PClean: The Latest System that Automatically Cleans Spoiled Data
Proper cleaning of data has become a top priority for businesses today.
Data cleaning is becoming increasingly important in all fields that rely on high-quality data as the emphasis on data analysis and insights grows. Since poor data quality has a direct impact on the analysis’ efficacy, getting the data cleaning properly has become a top priority for businesses today.
According to MIT News, MIT researchers have created a new system that automatically cleans “dirty data” — the typos, duplicates, missing values, misspellings, and inconsistencies dreaded by data analysts, data engineers, and data scientists. The system, called PClean, is the latest in a series of domain-specific probabilistic programming languages written by researchers at the Probabilistic Computing Project that aims to simplify and automate the development of AI applications (others include one for 3D perception via inverse graphics and another for modeling time series and databases).
PClean is said to use a knowledge-based technique to automate the data cleaning process, in which users interpret context knowledge about the database and potential problems.
PClean draws on recent advances in probabilistic programming, such as a new AI programming model developed at MIT’s Probabilistic Computing Project that makes it very easy to apply practical human knowledge frameworks to data interpretation. PClean’s improvements are based on Bayesian reasoning, a method of weighing possible reasons for ambiguous data by applying probabilities based on prior information to the data in question.
It also mentioned that PClean is the first Bayesian data cleaning system that can combine domain expertise with common-sense reasoning to automatically clean databases of millions of records. PClean achieves this scale via three innovations. First, PClean’s scripting language lets users encode what they know. This yields accurate models, even for complex databases. Second, PClean’s inference algorithm uses a two-phase approach, based on processing records one-at-a-time to make informed guesses about how to clean them, then revisiting its judgment calls to fix mistakes. This yields robust, accurate inference results. Third, PClean provides a custom compiler that generates fast inference code. This allows PClean to run on million-record databases with greater speed than multiple competing approaches.

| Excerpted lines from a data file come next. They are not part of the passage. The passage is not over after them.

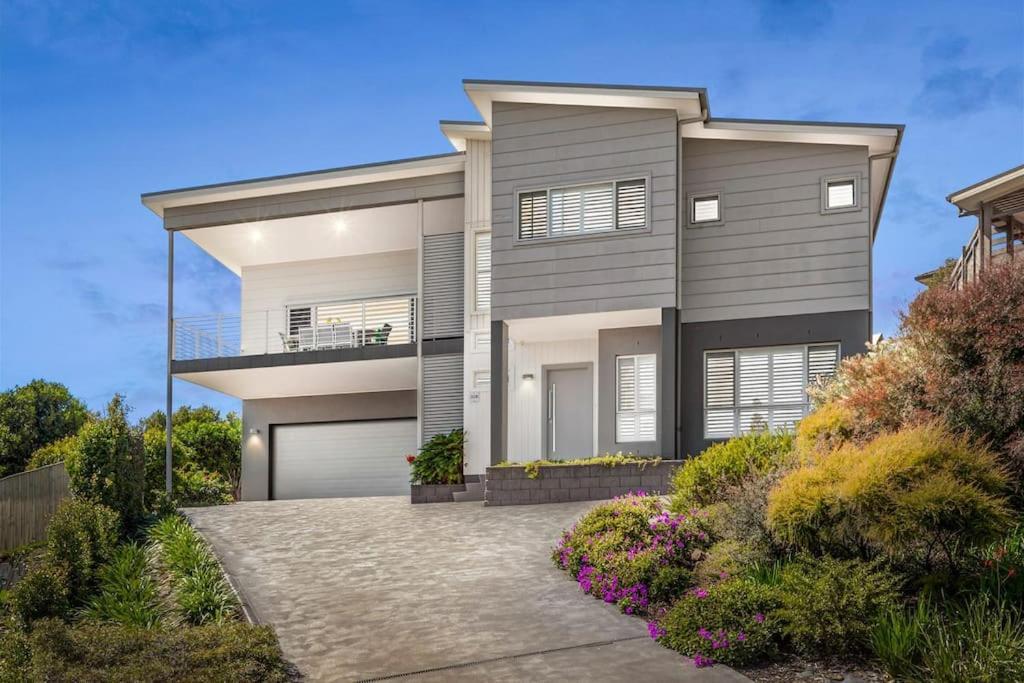 Seaview At - 4pm Check Out If Available Gerringong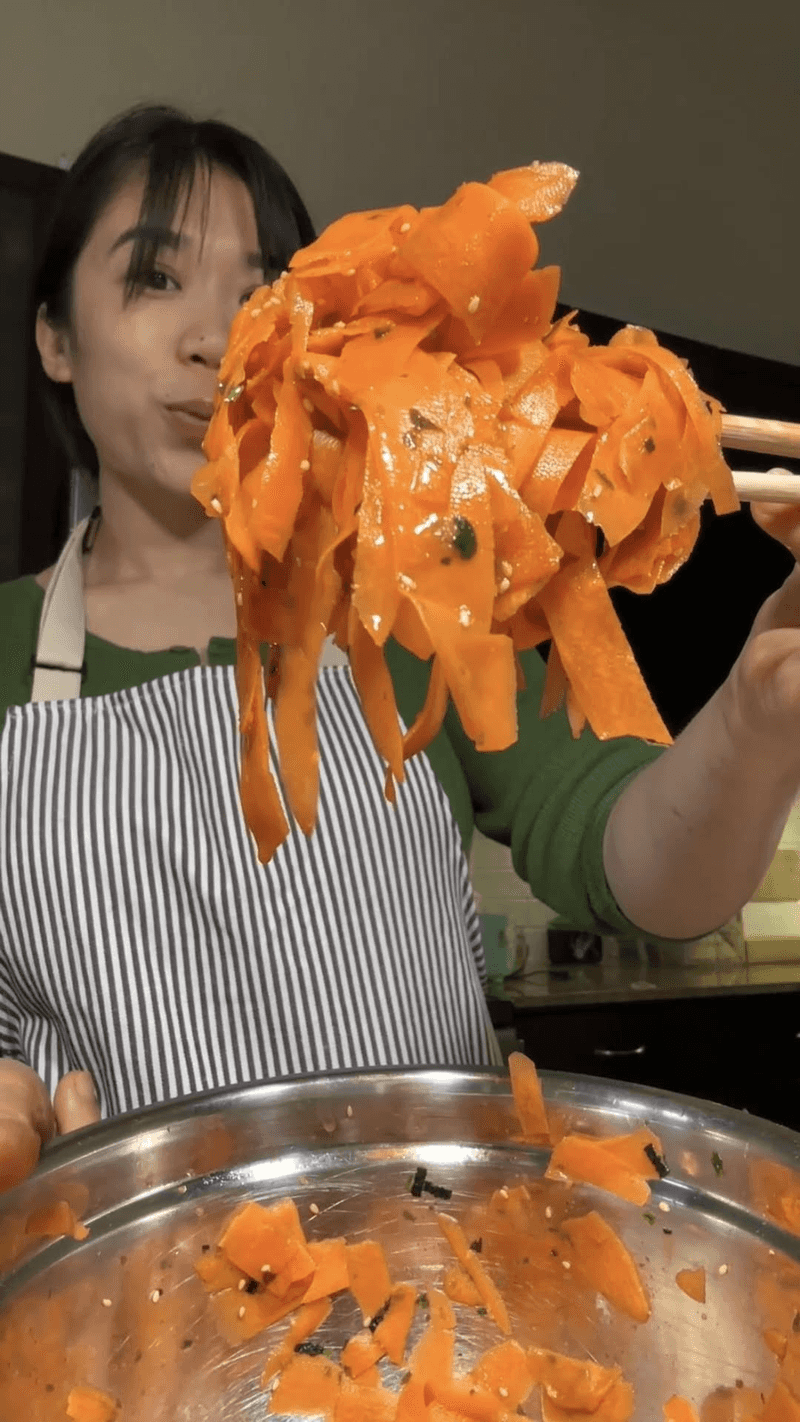 Asian-inspired Carrot Salad Thumbnail
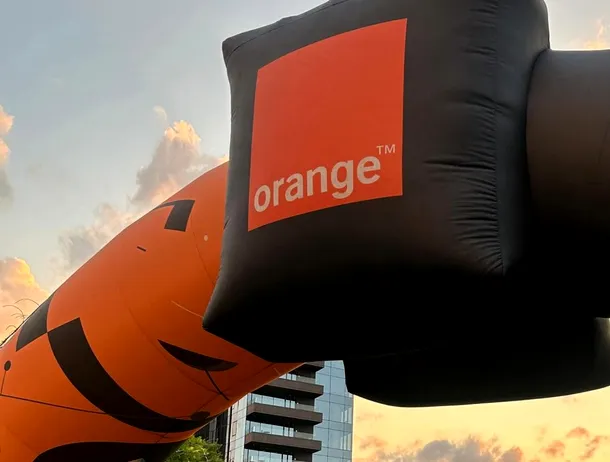 Orange ieftinește roamingul în afara UE. Tarife noi pentru abonamente și PrePay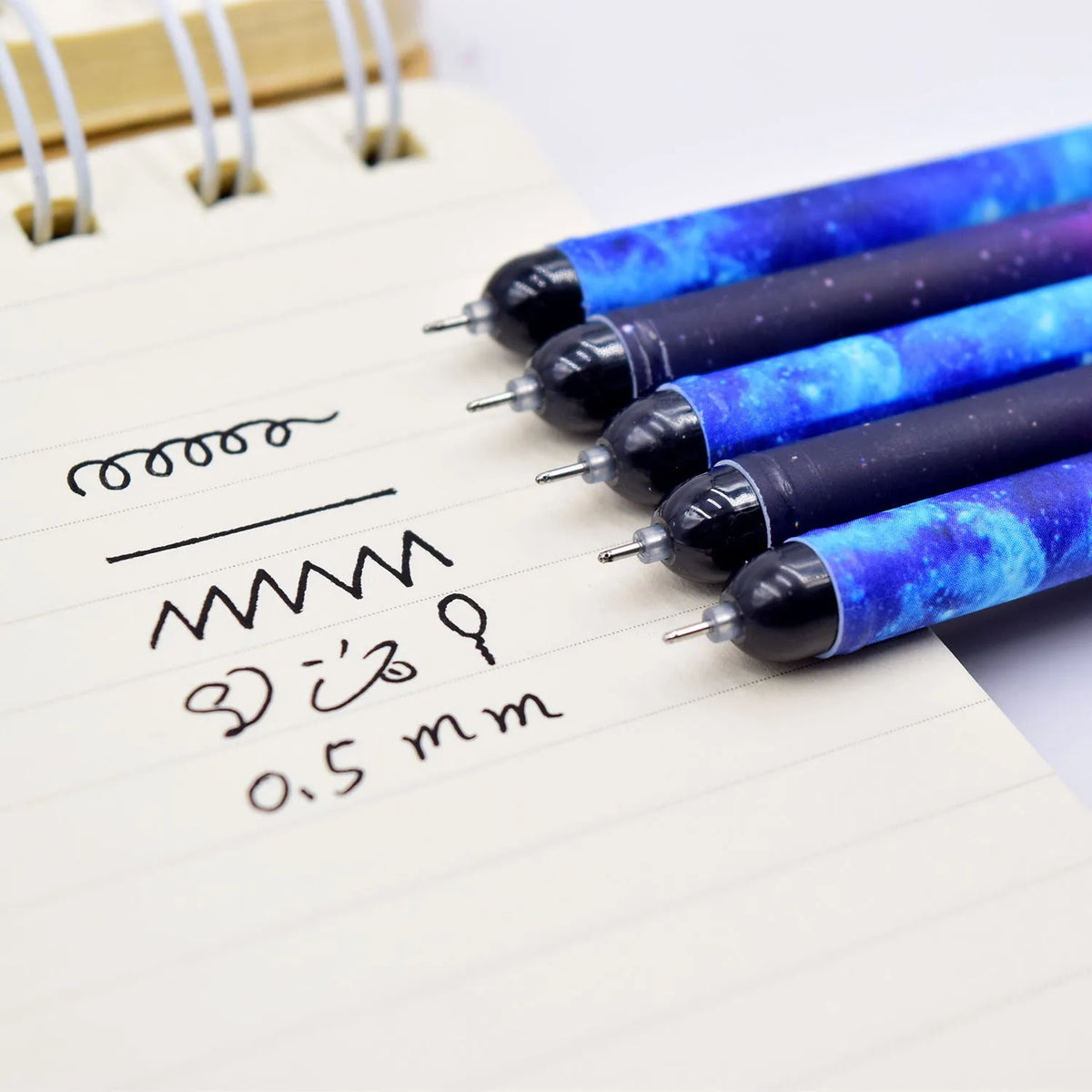 Twelve Constellations black gel pen with 0.5mm tip and 16cm plastic body, zodiac pendant, random colour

Without the vast expenditures in human and software systems that data-centric organizations currently depend on, PClean makes it cheaper and more efficient to join chaotic, fragmented databases into clean records. This has possible social advantages — but it also has drawbacks, such as the possibility that PClean would make it easier and cheaper to violate user privacy, and perhaps even de-anonymize them by combining outdated data from various public sources.